> What the task asks
From the line containing "Rule 34 | 00s, 1girl, after" to the last line of the data, both included, transcribe each line exactly, leaving out pictures and adding nothing.

> Provided data
◆ ◆ ◆ ◆
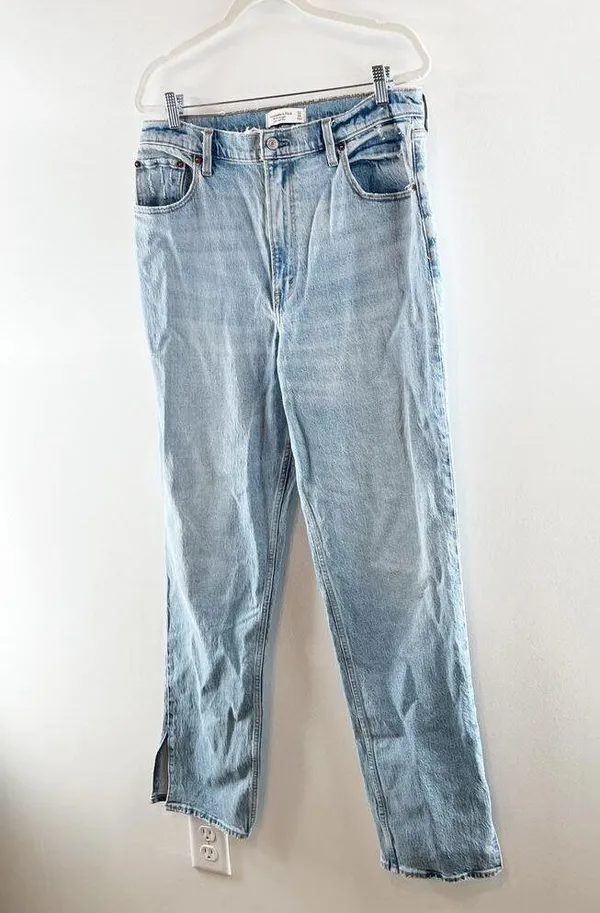 Abercrombie The 90's Straight Leg Ultra High Rise Slit Hem Jeans Blue 32 / 14 L - Image 9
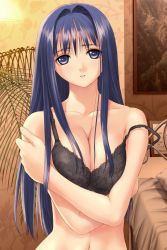 Rule 34 | 00s, 1girl, after (game), bare shoulders, bed, black bra, blue eyes, blue hair, bra, breasts, breasts squeezed together, chihaya miyuki, cleavage, crossed arms, floral print, game cg, hair intakes, hair over breasts, highres, holding own arm, lace, lace-trimmed bra, lace trim, large breasts, lights, lingerie, long hair, looking at viewer, matching hair/eyes, navel, painting (object), parted lips, pillow, self hug, sidelocks, solo, strap slip, tony taka, underwear, underwear only, upper body, very long hair, wide hips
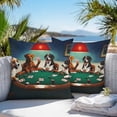 thumbnail image 4 of Abstract Animal Outdoor Pillow Covers Pack of 2 Dog In The Room Playing Poker Games Waterproof Throw Pillow Covers Decorative Cushion Cases for Patio Garden Tent Balcony Couch 20x20 inch, 4 of 8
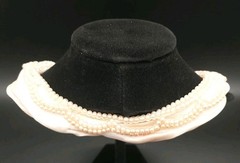 Vtg MCM Faux Pearl Gray Seed Bead Collar Necklace Steampunk Costume Jewelry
◆ ◆ ◆ ◆
> Solution for this problem
 Rule 34 | 00s, 1girl, after (game), bare shoulders, bed, black bra, blue eyes, blue hair, bra, breasts, breasts squeezed together, chihaya miyuki, cleavage, crossed arms, floral print, game cg, hair intakes, hair over breasts, highres, holding own arm, lace, lace-trimmed bra, lace trim, large breasts, lights, lingerie, long hair, looking at viewer, matching hair/eyes, navel, painting (object), parted lips, pillow, self hug, sidelocks, solo, strap slip, tony taka, underwear, underwear only, upper body, very long hair, wide hips
 thumbnail image 4 of Abstract Animal Outdoor Pillow Covers Pack of 2 Dog In The Room Playing Poker Games Waterproof Throw Pillow Covers Decorative Cushion Cases for Patio Garden Tent Balcony Couch 20x20 inch, 4 of 8
 Vtg MCM Faux Pearl Gray Seed Bead Collar Necklace Steampunk Costume Jewelry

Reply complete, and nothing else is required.